Perkembangan terakhir, Ahok yang tetap bersikeras untuk menerima “hibah bersyarat” bus dari pengusaha itu berencana untuk mengubah skema hibah dari swasta ke Pemerintah Daerah menjadi dari swasta ke swasta (dalam hal ini hibah kepada PT Transportasi Jakarta selaku BUMD). Dengan demikian, tidak diperlukan lagi mekanisme hibah kepada Pemerintah Daerah yang terikat ketentuan-ketentuan sebagaimana telah Penulis kutip di atas. Kemudian, setelah proses hibah selesai, Ahok berencana untuk membebaskan pajak reklame terhadap pemasangan reklame produk-produk dari pengusaha pemberi hibah pada bus-bus hibah. Berikut kutipan pernyataan Ahok

Makanya saya mau kasih ke TJ saja lah, nanti kalau mereka dikenakan pajak, gue bebasin aja gitu, iya kan?” Kata Ahok.

(http://www.tempo.co/read/news/2014/0...i-Anak-Buahnya).

Rencana Ahok untuk mengambil kebijakan membebaskan Pajak Reklame pada bus hibah, juga perlu dikritisi karena tidak sesuai dengan ketentuan yang berlaku dan bahkan berpotensi menjadi tindak pidana korupsi yang merugikan keuangan negara.

Sesuai ketentuan Undang-Undang Nomor 28 tahun 2009 tentang Pajak Daerah dan Retribusi Daerah (“UU Pajak Daerah”), setiap penyelenggaraan reklame, termasuk reklame berjalan pada kendaraan dikenakan pajak reklame oleh pemerintah daerah setempat. Pada Pasal 47 ayat (3) UU Pajak Daerah, penyelenggaraan reklame yang dikecualikan tidak dikenakan sebagai objek Pajak Reklame antara lain:

a. penyelenggaraan Reklame melalui internet, televisi, radio, warta harian, warta mingguan, warta bulanan, dan sejenisnya;

b. Label/merek produk yang melekat pada barang yang diperdagangkan, yang berfungsi untuk membedakan dari produk sejenis lainnya;

c. nama pengenal usaha atau profesi yang dipasang melekat pada bangunan tempat usaha atau profesi diselenggarakan sesuai dengan ketentuan yang mengatur nama pengenal usaha atau profesi tersebut;

d. Reklame yang diselenggarakan oleh Pemerintah atau Pemerintah Daerah; dan

e. Penyelenggaraan Reklame lainnya yang ditetapkan dengan Peraturan Daerah.

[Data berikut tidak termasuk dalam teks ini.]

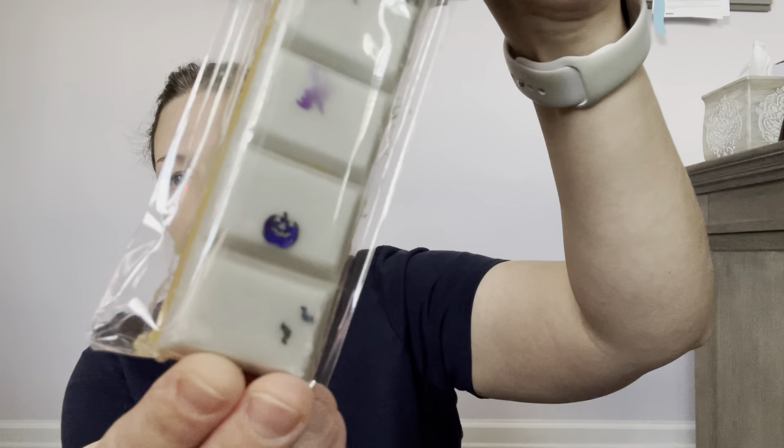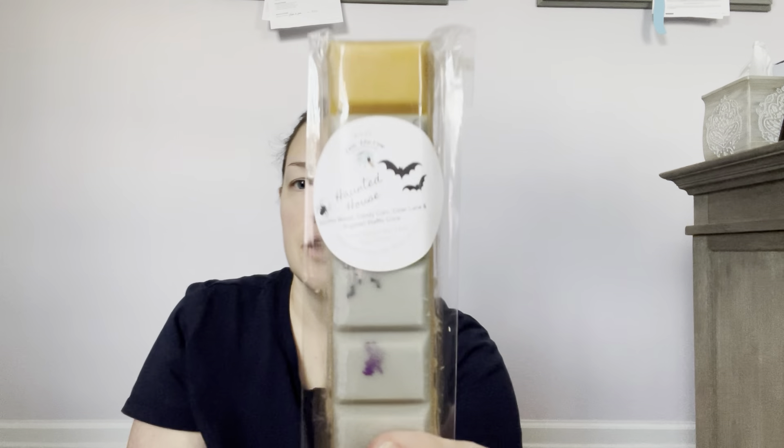Another one I got is Haunted House — really cute with little bats, purple, and a two-tone design. The scent notes are zucchini bread, candy corn, cider lane, and sugared waffle cone. I don't normally like zucchini bread, but what caught my eye was the cider lane. The cider lane is dominant and reminds me a little of Rose Girls, but the zucchini bread is equal parts — cider lane doesn't completely take over. Really interesting — eager to try it!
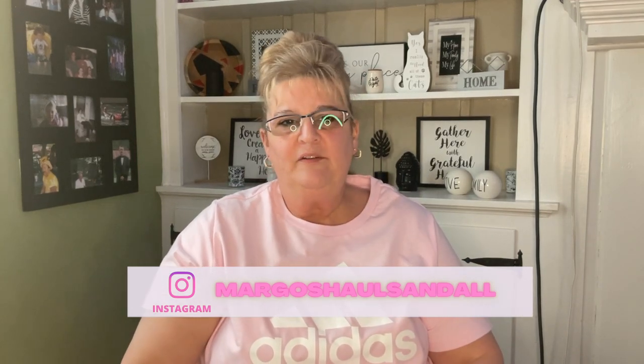Hello everybody and welcome back to another Dollar Tree haul with me, Margo. Today I went to five different Dollar Trees and I hit the jackpot — I really really did. There are items here that I've been looking for and items I had never seen before. It was so worth the few hours I was out there.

Dari ketentuan Pasal 47 ayat (3) UU Pajak Daerah tersebut di atas, maka jelas bahwa reklame produk-produk pengusaha pemberi hibah tidak dikecualikan dan masuk sebagai objek Pajak Reklame.

Kemudian mengenai kewenangan pembebasan pajak daerah, sesuai Pasal 95 ayat (4) UU Pajak Daerah, ditentukan oleh Pemerintah Daerah sendiri melalui suatu peraturan daerah atau Perda. Khusus untuk DKI Jakarta, pembebasan pajak daerah diatur pada Pasal 44 ayat (1) dan ayat (2) Peraturan Daerah Nomor 6 tahun 2010 tentang Ketentuan Umum Pajak Daerah (“Perda Pajak Daerah DKI”) yang berbunyi sebagai berikut:

(1) Gubernur karena jabatannya dapat membebaskan pajak kepada wajib pajak atau terhadap objek pajak tertentu berdasarkan azas keadilan atau azas timbal balik (reciprocitas).

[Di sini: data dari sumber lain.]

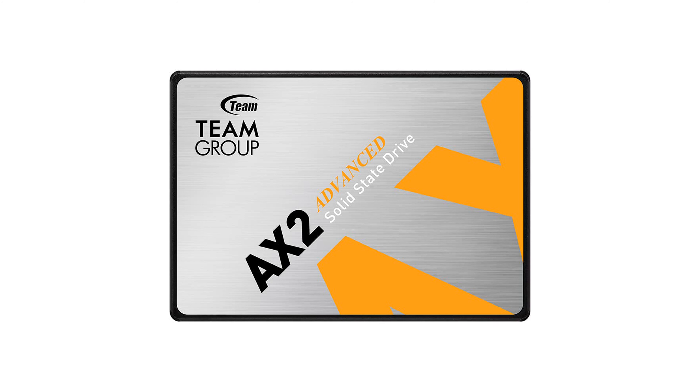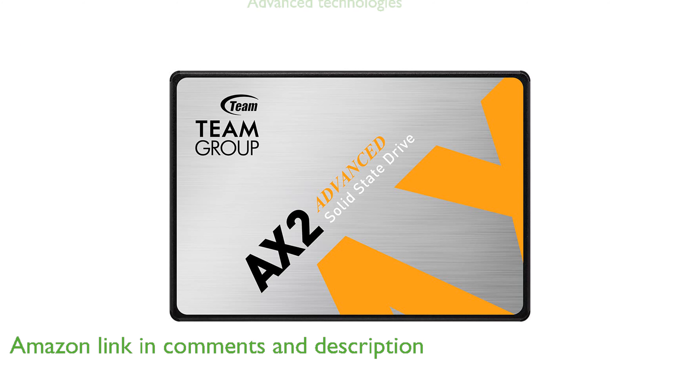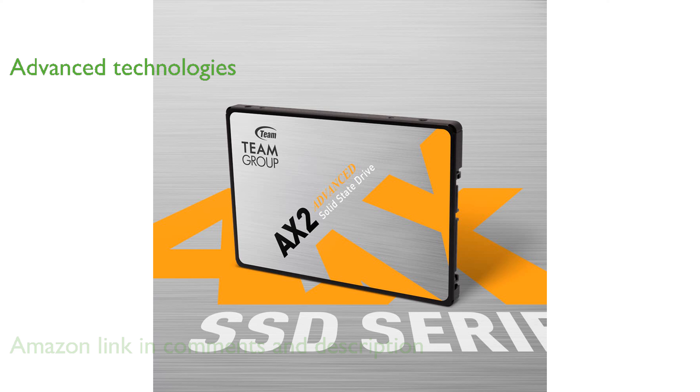The Team Group AX2 2TB SSD offers impressive read and write speeds, making it a great choice for upgrading your laptop or desktop computer. This solid-state drive is equipped with advanced technologies such as garbage collection and wear leveling, which help to extend its lifespan and maintain high performance.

(2) Pemberian pembebasan pajak sebagaimana dimaksud pada ayat 1, dapat diberikan sebagian atau seluruhnya dari pajak yang terutang
.”

Sementara yang dimaksud dengan pembebasan pajak berdasarkan azas keadilan dan azas timbal balik, sesuai penjelasan Pasal 44 ayat (1) Perda Pajak Daerah DKI, ditujukan kepada wajib pajak golongan ekonomi lemah atau lembaga-lembaga internasional tertentu yang melakukan kegiatan sosial kemasyarakatan di Indonesia (azas keadilan) dan kepada perwakilan negara lain berdasarkan perlakuan yang sama sesuai konvensi Wina (azas timbal balik).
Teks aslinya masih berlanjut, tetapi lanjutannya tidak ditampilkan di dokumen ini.